I am trying to convert date and time strings to POSIXct, however it gives me the wrong output. I have the following code:
df <- data.frame(date = c("2020-10-25", "2020-10-25", "2020-10-25", "2020-10-25", "2020-10-25", "2020-10-25", "2020-10-25"),
hour = c("00:00", "01:00", "02:00", "02:00", "03:00", "04:00", "05:00"))
df$date_time <- as.POSIXct(paste0(df$date," ", df$hour)
, format="%Y-%m-%d %H:%M",
tz = "Europe/Paris")
If I try to compare the output with an hourly sequence generation with the same datetime aforementioned, the daylight saving time (DST) is not the same:
df2 <- seq(as.POSIXct("2020-10-25 00:00:00", tz = "Europe/Paris"),
as.POSIXct("2020-10-25 05:00:00", tz = "Europe/Paris"),
by = "hour")
df$date_time == df2
[1] TRUE TRUE TRUE FALSE TRUE TRUE TRUE
How may I convert the date and time from string with the right DST?
4
The problem is that the limits of your sequence are on different timezones:
> as.POSIXct("2020-10-25 00:00:00", tz = "Europe/Paris"),
[1] "2020-10-25 CEST"
> as.POSIXct("2020-10-25 05:00:00", tz = "Europe/Paris")
[1] "2020-10-25 05:00:00 CET"
So when you use seq
, you get three times on CEST and four on CET:
> df2 <- seq(as.POSIXct("2020-10-25 00:00:00", tz = "Europe/Paris"),
as.POSIXct("2020-10-25 05:00:00", tz = "Europe/Paris"),
by = "hour")
> strftime(df2, "%F %R %Z")
[1] "2020-10-25 00:00 CEST" "2020-10-25 01:00 CEST" "2020-10-25 02:00 CEST"
[4] "2020-10-25 02:00 CET" "2020-10-25 03:00 CET" "2020-10-25 04:00 CET"
[7] "2020-10-25 05:00 CET"
On the other hand, when creating the initial data.frame
you get four times on CEST and three on CET, because the third and fourth elements are both input as “2020-10-25 02:00”.
> strftime(df$date_time, "%F %R %Z", tz = "Europe/Paris")

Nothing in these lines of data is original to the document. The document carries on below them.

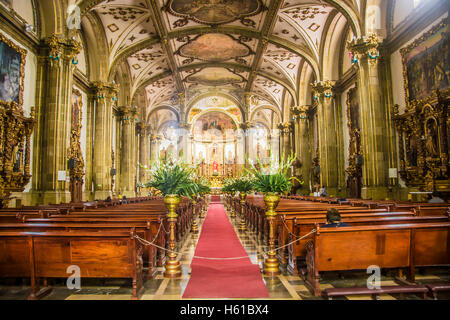 Eines der wichtigsten historischen Gebäude in der Gemeinde ist die Pfarrkirche San Juan Bautista, gebaut zwischen 1520 und 1552, ich Stockfoto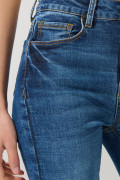 Jean azul jegging con bolsillos, desgastes y tiro súper alto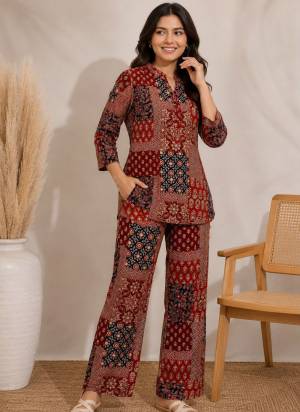 Attrective These Beautiful Looking Readymade Co Ord Top With Bottom Set.These Top And Bottom is Fabricated On Rayon Cotton.Its Beautified With Designer Printed Foil.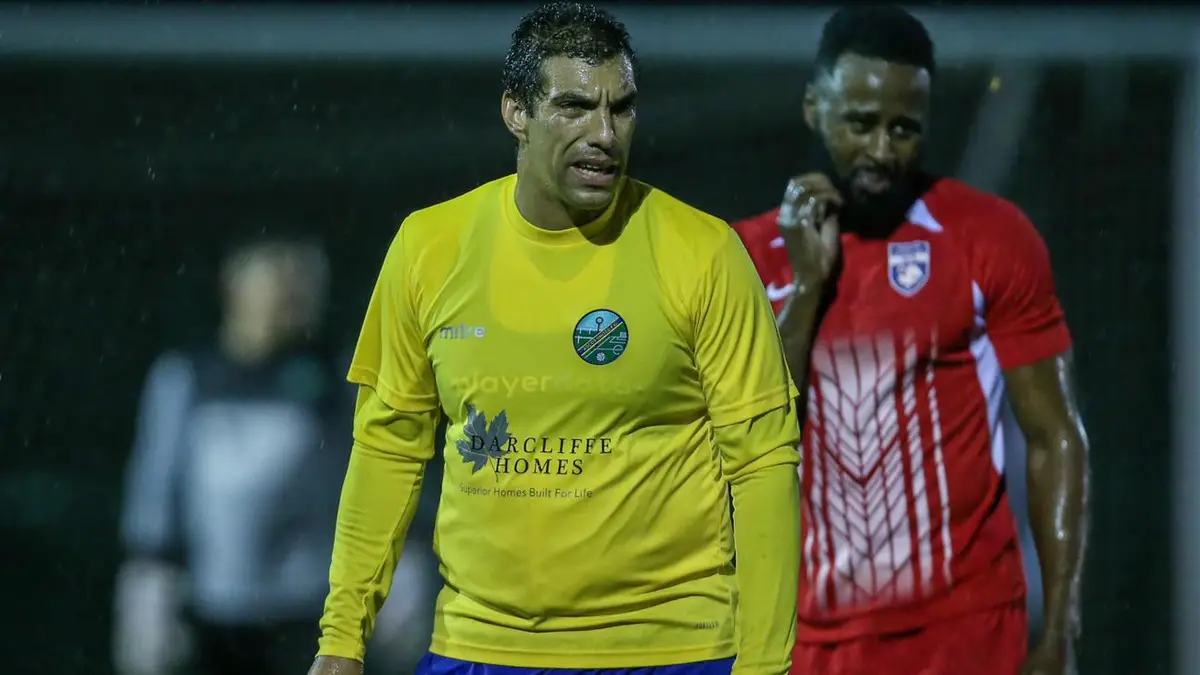 James Harper in the middle for Ascot United. Photo: Neil Graham / ngsportsphotography.com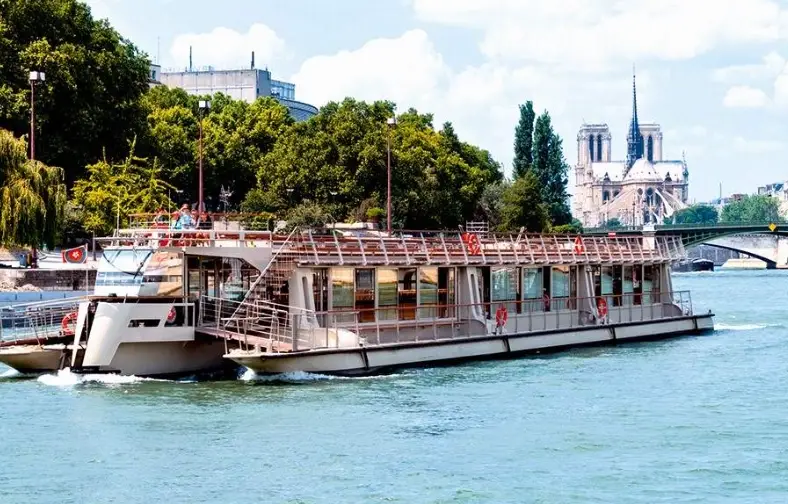 塞纳河游船推荐 塞纳河游船推荐
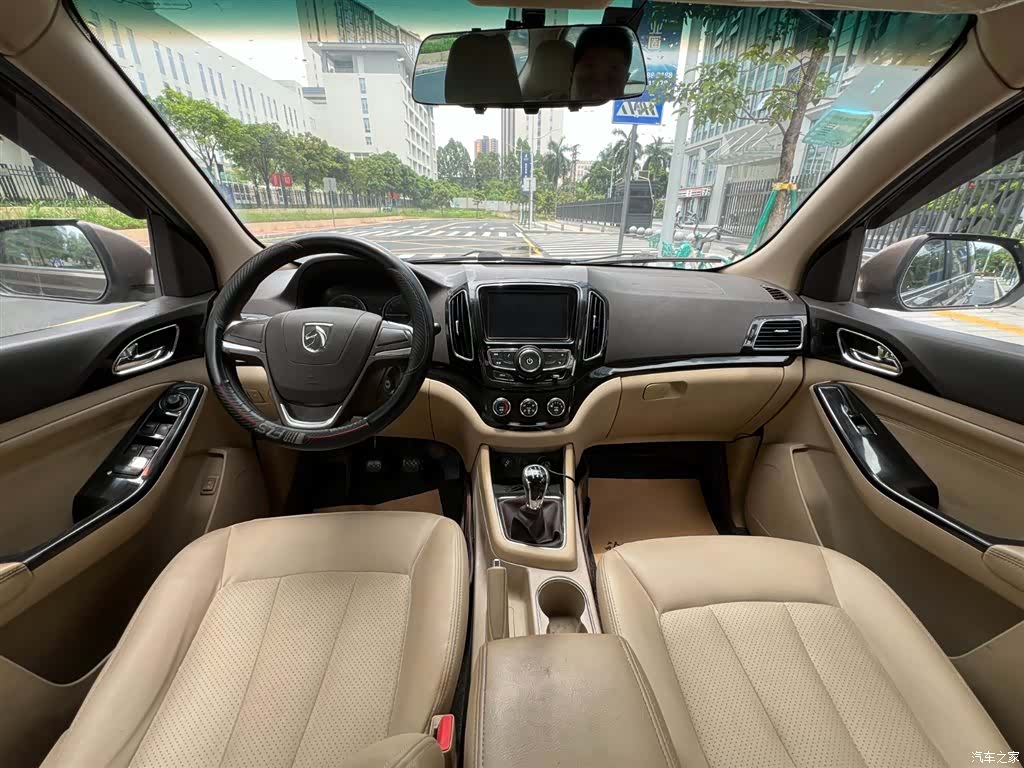 Wuling 730, 2015 все фото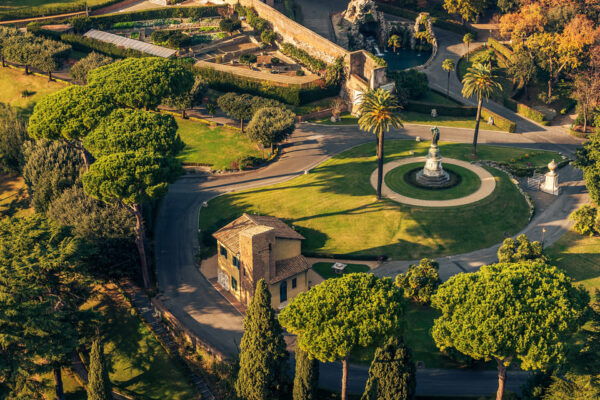 2-Day Rome: Colosseum & Vatican Tour Mid-Week - Dress Code Guidelines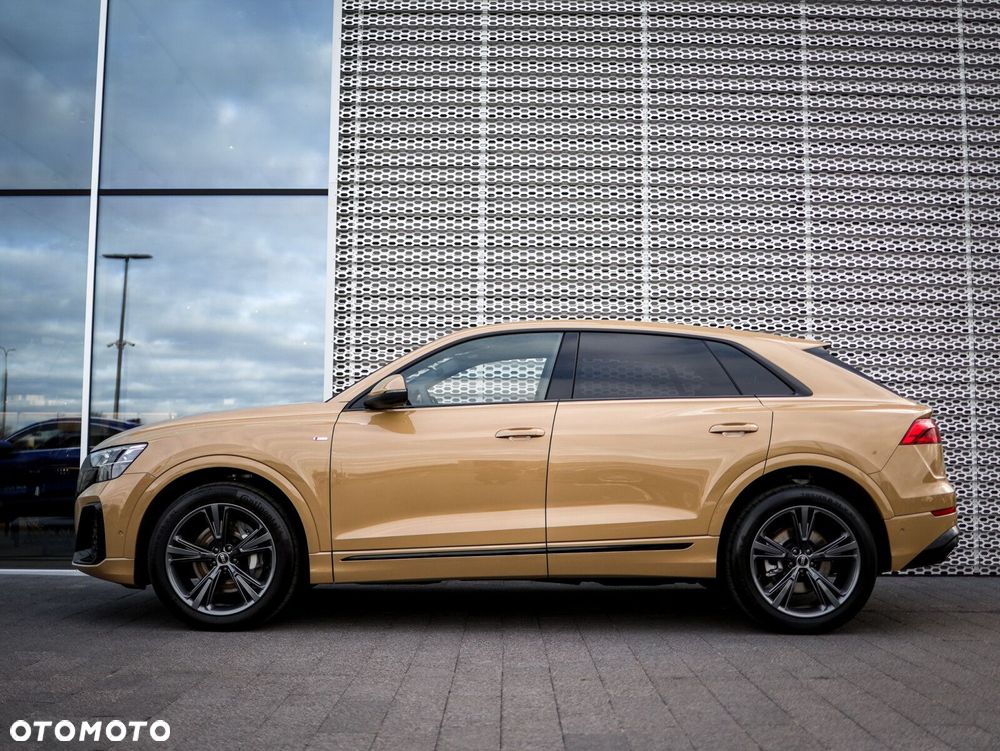 Audi Q8 - 3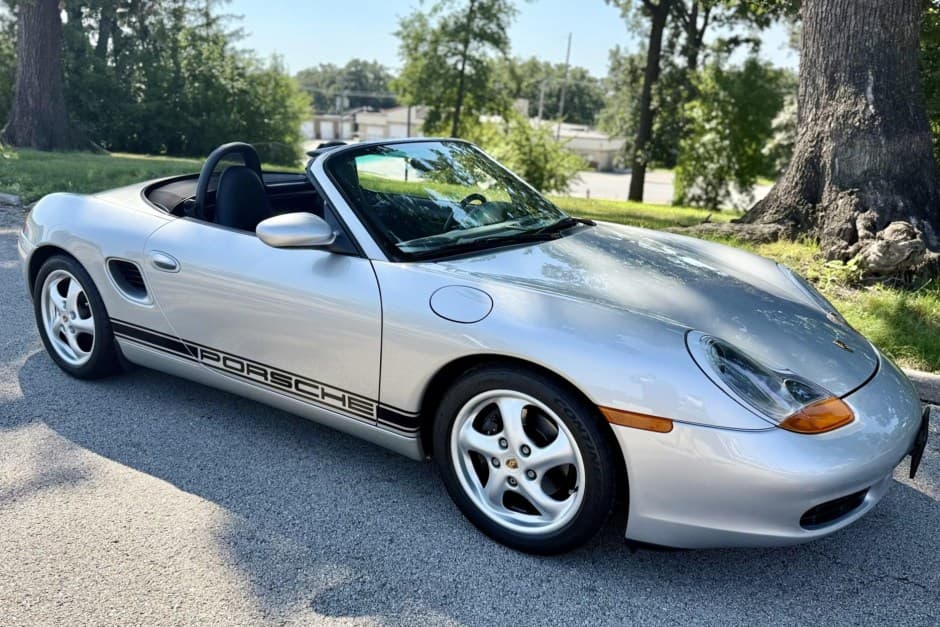 1999 Porsche 986 Boxster sold for $14,000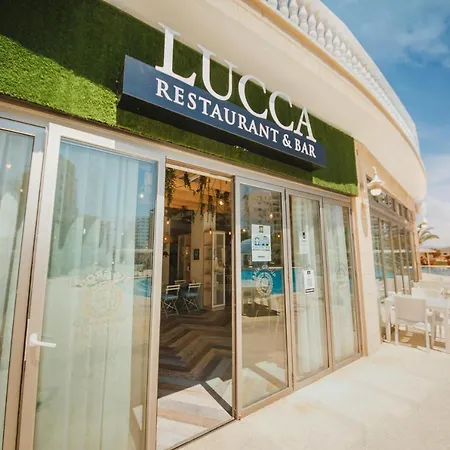 Modern One Bedroom In Caesar & Spa, Long *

[1] "2020-10-25 00:00 CEST" "2020-10-25 01:00 CEST" "2020-10-25 02:00 CEST"
[4] "2020-10-25 02:00 CEST" "2020-10-25 03:00 CET" "2020-10-25 04:00 CET"
[7] "2020-10-25 05:00 CET"
If looking at both vectors side by side, it is clear that df
has a repeated value, while seq
creates a true sequence:
> cbind(df$date_time, df2)
df2
[1,] 1603576800 1603576800
[2,] 1603580400 1603580400
[3,] 1603584000 1603584000
[4,] 1603584000 1603587600
[5,] 1603591200 1603591200
[6,] 1603594800 1603594800
[7,] 1603598400 1603598400
So when comparing both vectors, on the fourth element you are comparing a CEST time with a CET time, and it doesn’t match.

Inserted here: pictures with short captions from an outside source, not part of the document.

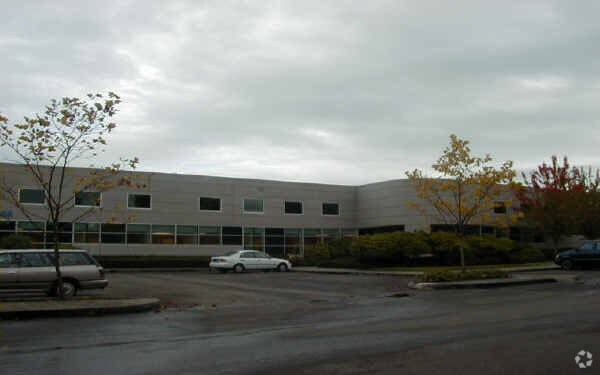 More Photos Of 15305 NE 95th St, Redmond Warehouse For Lease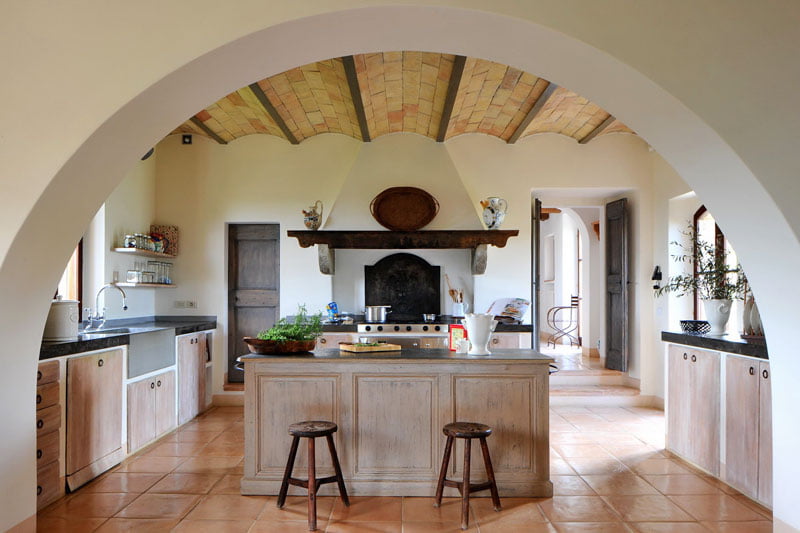 Col-delle-Noci-Italian-Villa-rustic-kitchen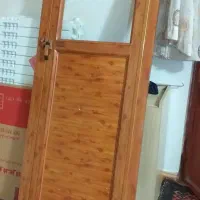 درب آلومینیوم سرویس حمام و دستشویی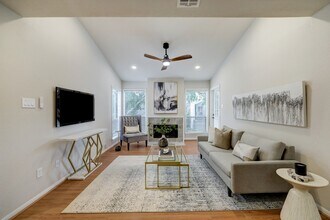 1201 Bering Dr in Houston, TX - Building Photo - Building Photo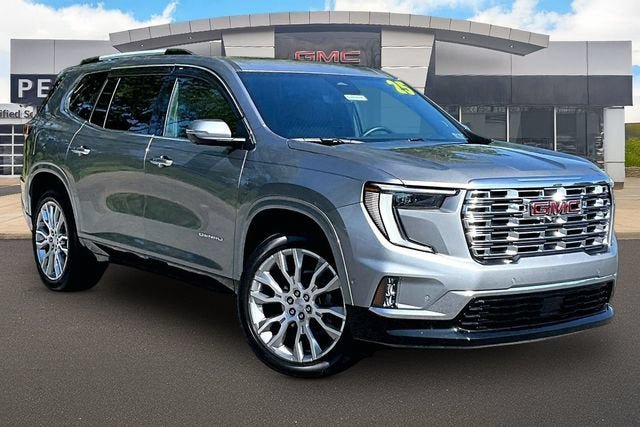 Certified 2025 GMC Acadia Denali w/ Super Cruise Package AWD/4WD image 11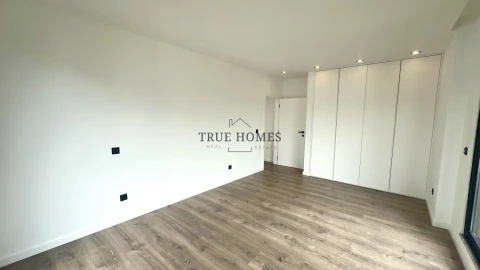 Moradia T5 para Venda em Azeitão (São Lourenço e São Simão)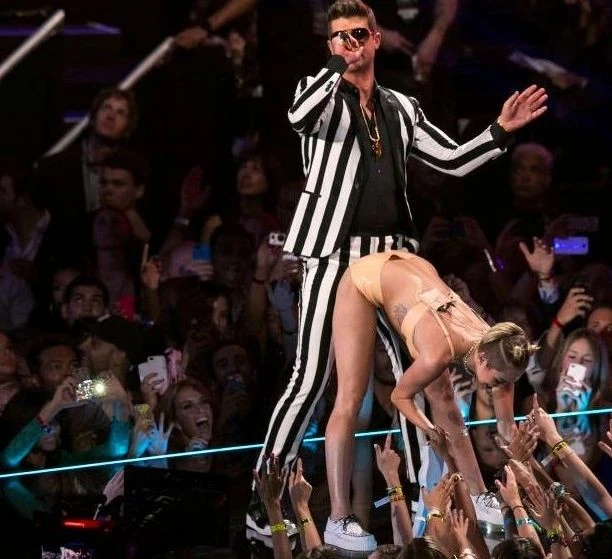 Майли Сайрус будет вести MTV VMA 2015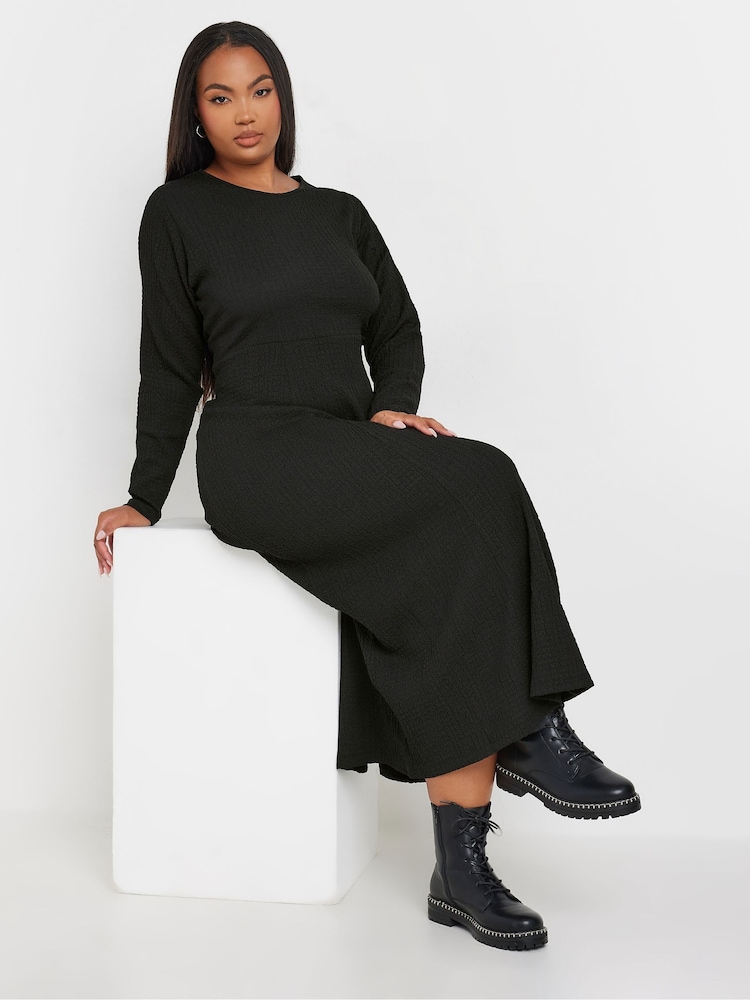 Yours Curve Black Textured Flared Maxi Dress - Image 1 of 5 Yours Curve Black Textured Flared Maxi Dress - Image 1 of 5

The crucial part is that your input is not an hourly sequence, because (I’m guessing) you want the first 02:00 to be in CEST (summer time) and the second 02:00 to be in CET (winter time). However, R has no way of knowing this from your input…
How is as.POSIXct
supposed to know that "2020-10-25 02:00:00"
and "2020-10-25 02:00:00"
are different? Usually, it is recommended to record datetimes either in UTC or to also record a CET/CEST indicator (or even better the timezone offset).
You will need to solve this by explicitly supplying the datetime of the DST switch or relying on values being duplicated.

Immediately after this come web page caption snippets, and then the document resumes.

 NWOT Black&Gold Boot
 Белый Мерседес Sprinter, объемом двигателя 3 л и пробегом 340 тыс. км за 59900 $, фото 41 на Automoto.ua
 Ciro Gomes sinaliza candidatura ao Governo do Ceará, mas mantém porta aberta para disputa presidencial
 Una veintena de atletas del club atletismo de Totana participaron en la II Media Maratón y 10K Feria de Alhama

df <- data.frame(date = c("2020-10-25", "2020-10-25", "2020-10-25", "2020-10-25", "2020-10-25", "2020-10-25", "2020-10-25"),
hour = c("00:00", "01:00", "02:00", "02:00", "03:00", "04:00", "05:00"))
df$date_time_str <- paste0(df$date," ", df$hour)
df$offset <- ifelse(cumsum(duplicated(df$date_time_str)) > 0, -1, -2)
df$date_time <- as.POSIXct(df$date_time_str, tz = "UTC") + df$offset * 3600
as.POSIXct(df$date_time, tz = "Europe/Paris")
#[1] "2020-10-25 00:00:00 CEST" "2020-10-25 01:00:00 CEST" "2020-10-25 02:00:00 CEST" "2020-10-25 02:00:00 CET"
#[5] "2020-10-25 03:00:00 CET" "2020-10-25 04:00:00 CET" "2020-10-25 05:00:00 CET"
Some additional work is needed if you have several DST switches in your data.